Si certains industriels sont euphoriques, reste le plus compliqué: convaincre le grand public de débourser 500 euros minimum. Plus tout à fait un smartphone mais pas encore un ordinateur portable, l’iPad tente de créer un nouveau marché, un quatrième écran, à côté du téléviseur, du PC et du téléphone. Pourtant de nombreuses sociétés s’y sont brûlé les ailes. Bill Gates le premier : le cofondateur de Microsoft prédisait déjà, en 2002, que dans les cinq ans, les tablettes se vendraient plus que les ordinateurs traditionnels… Même Apple tenta l’aventure en 1993 avec le Newton. Cet assistant personnel à écran tactile fut un échec : un certain Steve Jobs scella sa disparition lors de son retour aux affaires en 1998. Douze ans plus tard, voici peut-être venu le temps de la résurrection.

“Tous ces produits se limitaient à de simples morceaux de technologies, estime Carolina Milanesi, analyste pour Gartner. L’iPad est bien plus que cela, puisqu’il se combine avec le service iTunes qui permet de télécharger de la musique, des films, des jeux vidéo, des livres, tout un écosystème, avec plus de 5.000 applications.”

Une cannibalisation des autres produits Apple ?

Pourtant, si l’on tend l’oreille, quelques voix impies commencent à se faire entendre. D’abord, une étude menée par Morgan Stanley pointe des risques de cannibalisation des autres produits de la famille Apple. Pour acquérir cette tablette, 44 % des personnes interrogées renonceraient à acheter un ordinateur portable dont le MacBook, et 41 % n’achèteraient plus le baladeur iPod Touch.

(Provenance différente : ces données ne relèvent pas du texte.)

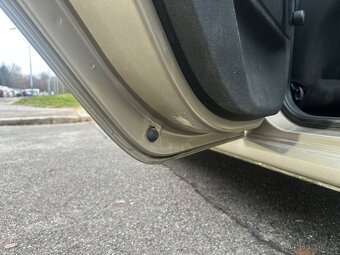 Škoda Fabia 2006 1.Majitel 79tis km Servisní kniha - 20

Ensuite, la marque à la pomme a fait le plein de ses fans: il lui faut maintenant transformer l’essai. Et là, les choses se compliquent. Difficile pour les particuliers de remettre la main au portefeuille quand la plupart d’entre eux possèdent déjà un ordinateur, un mini-PC et un téléphone multimédia. “Ce produit va devoir trouver sa place, mais il est vrai que son prix élevé est un frein à son adoption”, observe Bertrand Gié, directeur délégué des nouveaux médias au Figaro.

D’autant que la société californienne est connue pour s’accorder de confortables marges. Selon iSuppli, le prix de revient de l’appareil dans sa version la moins chère s’élèverait à 260 dollars (191 euros), ce qui laisse présager une future baisse de tarifs. Ce scénario semble d’autant plus inéluctable que de nombreux concurrents s’apprêtent à commercialiser des alternatives à des prix inférieurs à 200 euros. De Dell à Samsung, en passant par Sony, avec son Dash, Asus, Archos et même Google, en partenariat avec l’opérateur Verizon, il n’y aura jamais eu autant de tablettes lancées sur le marché en 2010.

Même si beaucoup d’industriels sont restés très discrets sur leurs projets, au total 8 millions de machines devraient être commercialisées cette année, selon Morgan Stanley. Une occasion pour Steve Jobs de méditer un autre passage des Ecrits qu’il affectionne tant: celui où une foule affamée se trouve rapidement rassasiée grâce à la multiplication des pains.